The input —
==================================================
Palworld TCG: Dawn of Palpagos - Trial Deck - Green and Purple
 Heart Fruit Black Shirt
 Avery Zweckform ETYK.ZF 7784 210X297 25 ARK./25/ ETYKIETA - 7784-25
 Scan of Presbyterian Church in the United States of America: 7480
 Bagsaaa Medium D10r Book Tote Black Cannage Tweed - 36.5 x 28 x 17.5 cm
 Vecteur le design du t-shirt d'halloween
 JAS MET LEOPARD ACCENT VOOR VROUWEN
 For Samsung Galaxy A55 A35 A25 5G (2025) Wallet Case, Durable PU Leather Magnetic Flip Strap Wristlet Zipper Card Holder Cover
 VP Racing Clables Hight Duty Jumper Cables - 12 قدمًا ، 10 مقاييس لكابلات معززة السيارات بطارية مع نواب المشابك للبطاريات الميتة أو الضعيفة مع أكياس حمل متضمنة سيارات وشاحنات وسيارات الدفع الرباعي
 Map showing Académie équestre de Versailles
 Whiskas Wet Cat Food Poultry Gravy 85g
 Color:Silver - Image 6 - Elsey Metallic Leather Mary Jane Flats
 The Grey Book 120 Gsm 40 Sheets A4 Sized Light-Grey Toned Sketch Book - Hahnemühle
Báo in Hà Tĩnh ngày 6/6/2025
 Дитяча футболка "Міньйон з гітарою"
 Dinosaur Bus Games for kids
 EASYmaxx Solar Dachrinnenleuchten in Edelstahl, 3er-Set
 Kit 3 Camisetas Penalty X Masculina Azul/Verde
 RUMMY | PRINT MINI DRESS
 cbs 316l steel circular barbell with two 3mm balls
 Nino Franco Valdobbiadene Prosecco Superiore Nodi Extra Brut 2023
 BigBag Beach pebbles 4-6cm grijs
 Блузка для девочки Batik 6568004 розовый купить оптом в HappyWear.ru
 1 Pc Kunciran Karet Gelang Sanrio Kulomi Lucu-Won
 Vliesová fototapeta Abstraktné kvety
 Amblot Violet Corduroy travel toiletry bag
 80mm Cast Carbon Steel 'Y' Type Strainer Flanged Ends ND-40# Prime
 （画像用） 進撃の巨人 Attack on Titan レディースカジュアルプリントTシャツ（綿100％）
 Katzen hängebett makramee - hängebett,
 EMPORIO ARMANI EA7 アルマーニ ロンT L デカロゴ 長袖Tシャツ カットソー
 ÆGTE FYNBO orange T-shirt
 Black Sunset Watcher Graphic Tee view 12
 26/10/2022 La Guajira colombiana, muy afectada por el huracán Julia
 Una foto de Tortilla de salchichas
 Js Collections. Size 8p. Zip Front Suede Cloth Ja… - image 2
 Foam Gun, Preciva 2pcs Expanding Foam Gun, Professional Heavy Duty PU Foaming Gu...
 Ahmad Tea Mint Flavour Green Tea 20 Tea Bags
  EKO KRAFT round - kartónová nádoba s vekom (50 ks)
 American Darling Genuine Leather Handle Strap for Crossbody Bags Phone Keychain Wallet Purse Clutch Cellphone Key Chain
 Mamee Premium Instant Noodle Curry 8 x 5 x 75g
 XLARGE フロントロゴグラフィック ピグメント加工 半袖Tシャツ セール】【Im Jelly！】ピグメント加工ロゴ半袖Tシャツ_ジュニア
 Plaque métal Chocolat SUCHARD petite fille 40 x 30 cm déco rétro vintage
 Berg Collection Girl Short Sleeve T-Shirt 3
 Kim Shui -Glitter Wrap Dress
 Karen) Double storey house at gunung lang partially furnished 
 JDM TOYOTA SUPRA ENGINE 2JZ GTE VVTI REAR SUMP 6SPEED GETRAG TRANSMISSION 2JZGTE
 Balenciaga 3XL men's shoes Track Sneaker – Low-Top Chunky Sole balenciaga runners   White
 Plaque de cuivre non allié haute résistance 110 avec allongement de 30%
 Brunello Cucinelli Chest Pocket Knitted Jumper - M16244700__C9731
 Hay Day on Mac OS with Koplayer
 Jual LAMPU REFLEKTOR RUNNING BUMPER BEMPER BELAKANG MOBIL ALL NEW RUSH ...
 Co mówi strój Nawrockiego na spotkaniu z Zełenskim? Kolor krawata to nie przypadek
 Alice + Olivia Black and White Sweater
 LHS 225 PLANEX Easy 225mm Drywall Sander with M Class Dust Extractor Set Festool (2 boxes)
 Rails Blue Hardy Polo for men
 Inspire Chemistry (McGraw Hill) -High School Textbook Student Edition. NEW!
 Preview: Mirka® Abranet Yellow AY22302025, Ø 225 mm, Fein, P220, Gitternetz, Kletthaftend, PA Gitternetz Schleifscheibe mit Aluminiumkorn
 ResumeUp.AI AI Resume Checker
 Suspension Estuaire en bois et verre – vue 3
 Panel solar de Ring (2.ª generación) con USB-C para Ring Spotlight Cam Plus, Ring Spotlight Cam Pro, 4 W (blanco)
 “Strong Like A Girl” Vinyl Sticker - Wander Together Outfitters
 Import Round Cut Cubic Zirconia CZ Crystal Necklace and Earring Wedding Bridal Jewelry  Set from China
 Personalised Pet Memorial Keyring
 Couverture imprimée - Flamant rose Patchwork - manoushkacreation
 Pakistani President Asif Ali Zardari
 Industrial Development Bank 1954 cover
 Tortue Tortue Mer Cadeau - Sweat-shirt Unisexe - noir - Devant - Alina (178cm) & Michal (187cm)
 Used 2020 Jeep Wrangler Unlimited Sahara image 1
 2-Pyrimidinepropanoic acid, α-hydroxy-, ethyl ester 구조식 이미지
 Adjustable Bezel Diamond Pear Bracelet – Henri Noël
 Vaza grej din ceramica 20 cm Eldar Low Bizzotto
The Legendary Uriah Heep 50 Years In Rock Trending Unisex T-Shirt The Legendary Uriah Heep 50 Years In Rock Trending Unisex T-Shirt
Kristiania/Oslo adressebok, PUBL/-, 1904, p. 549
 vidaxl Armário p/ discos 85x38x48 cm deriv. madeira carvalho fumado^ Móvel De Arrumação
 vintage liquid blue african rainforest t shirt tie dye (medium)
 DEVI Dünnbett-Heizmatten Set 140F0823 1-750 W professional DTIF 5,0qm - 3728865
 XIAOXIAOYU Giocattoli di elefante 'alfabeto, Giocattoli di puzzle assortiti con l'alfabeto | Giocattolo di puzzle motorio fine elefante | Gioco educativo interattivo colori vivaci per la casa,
==================================================
Assignment — In the listing above, find the line with "Vaza grej din" and the line with "Kristiania/Oslo adressebok, PUBL/-, 1904, p."; output exactly those lines and all lines between them.

Response area —
 Vaza grej din ceramica 20 cm Eldar Low Bizzotto
The Legendary Uriah Heep 50 Years In Rock Trending Unisex T-Shirt The Legendary Uriah Heep 50 Years In Rock Trending Unisex T-Shirt
Kristiania/Oslo adressebok, PUBL/-, 1904, p. 549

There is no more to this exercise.